# Facebook



## adobee (25 October 2007)

Now thats some serious money for a social site.. If only I had studied harded at school and hung with the nerds...



Microsoft will take a $US240 million ($267.66 million) stake in the wildly popular social-networking website Facebook as part of an expansion of the strategic alliance of the two firms, the companies said on Wednesday.

The deal to buy a 1.6 per cent stake values Facebook at $US15 billion ($16.8 billion).

Today's news comes less than four years after Mark Zuckerberg started the online social networking site in his Harvard University dorm room.

Besides validating Zuckerberg's decision to rebuff a $US1 billion takeover offer from Yahoo last year, Microsoft's money should be more than enough to pay for Facebook's ambitious expansion plans until the privately held company goes public.

Zuckerberg, 23, has indicated he would like to hold off on an initial public offering for at least two more years. In the meantime, Facebook hopes to become an advertising magnet by substantially increasing its current audience of nearly 50 million active users, who connect with friends on the site through messaging, photo-sharing and other tools.

The deal means Microsoft will become the exclusive third-party advertising partner for Facebook, and will begin to sell advertising for Facebook internationally in addition to the United States, the companies said.

"We are pleased to take our Microsoft partnership to the next level," said Owen Van Natta, vice-president of operations and chief revenue officer at Facebook.

"We think this expanded relationship will allow Facebook to continue to innovate and grow as a technology leader and major player in social computing, as well as bring relevant advertising to the more than 49 million active users of Facebook."

Reports said the deal came after fierce competition between Microsoft and Google.

The Facebook investment represents a coup for Microsoft because it provides the world's largest software maker with a toehold on one of the internet's hottest platforms and a potentially lucrative forum for selling online ads.

With the Facebook investment, Microsoft dealt a rare setback to Google, which had previously trumped its bitter rival in earlier bidding battles involving AOL and internet ad service DoubleClick.

Although News Corp's MySpace.com remains the largest social network, Facebook has been growing at a far more rapid clip during the past year.

Facebook attracted 30.6 million US visitors during September compared with 68.4 million at MySpace.

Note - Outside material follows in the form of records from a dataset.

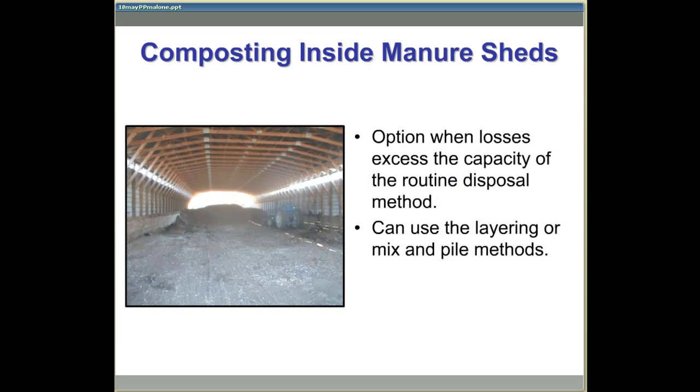Composting inside a manure shed may be an option when mortality losses exceed the design capacity of the routine disposal method. For example, with this two-stage bin system, this is about two market-age birds per thousand birds per day. When the losses are limited to a few hundred or thousand birds, the manure shed makes it an ideal location for composting.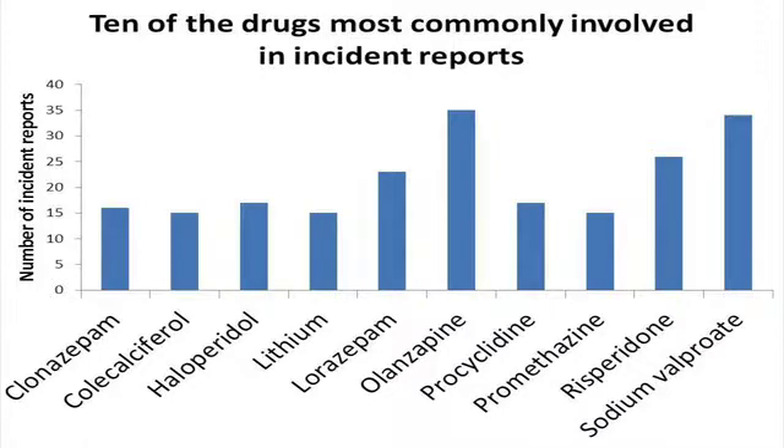If you look at this graph of 10 of the drugs that are most commonly involved in medication incident reports, you can see that lots of the drugs are things you'd expect to be used a lot in our mental health trusts — antipsychotics, benzodiazepines, things like procyclidine, lithium, sodium valproate. So it's not really a surprise that there are lots of those involved in medication incident reports because we use them a lot. But among all of those mental health drugs, there's also a physical health drug, cholecalciferol. It was actually involved in 15 incidents in the past two years, which is the same number as promethazine. And we use promethazine a lot more than we use cholecalciferol, so it looks like there's a disproportionate number of errors involving cholecalciferol.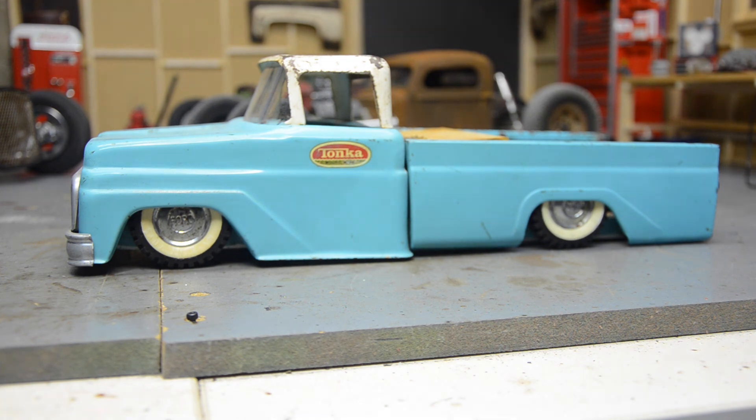Thank you guys for watching and checking out Chop Toys. If you like any of that stuff in the background, check out my other channel — there's a link at the end of the video. That's all my RC builds, my custom rat rods and stuff. Anyways, I'll see you guys in the next video.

In September, Facebook was the 6th most visited property worldwide with 73.5 million unique visitors (aged 15 and over), and the 5th most highly trafficked property worldwide with 34.5 billion page views, according to  ratings agency comScore. 

The agency said Microsoft's social networking equivalent - called "Windows Live Spaces" - attracted an audience of 9.8 million.

AFP and AP


----------



## michael_selway (20 November 2007)

Is facebook down atm? Can anyone log in?

www.facebook.com

thx

MS


----------



## kgee (20 November 2007)

michael_selway said:


> Is facebook down atm? Can anyone log in?
> 
> www.facebook.com
> 
> ...




Mine seems to be working...


----------



## Sean K (5 April 2008)

Is facebook OK?

I've been VERY careful about who I allow to be a 'friend' on facebook, but are there other downfalls? Such as identity theft, etc, etc.... 



> *Jewish woman threatened through Facebook*
> 
> COUNTER-TERRORISM agents have launched an investigation into a multi-national terror threat made against an Australian using social networking website Facebook.
> 
> ...


----------



## marklar (5 April 2008)

kennas said:


> Is facebook OK?



It's ok provided you are careful with the information you disclose on there.  Some people end up putting up personal details that can be used to help someone impersonate them.  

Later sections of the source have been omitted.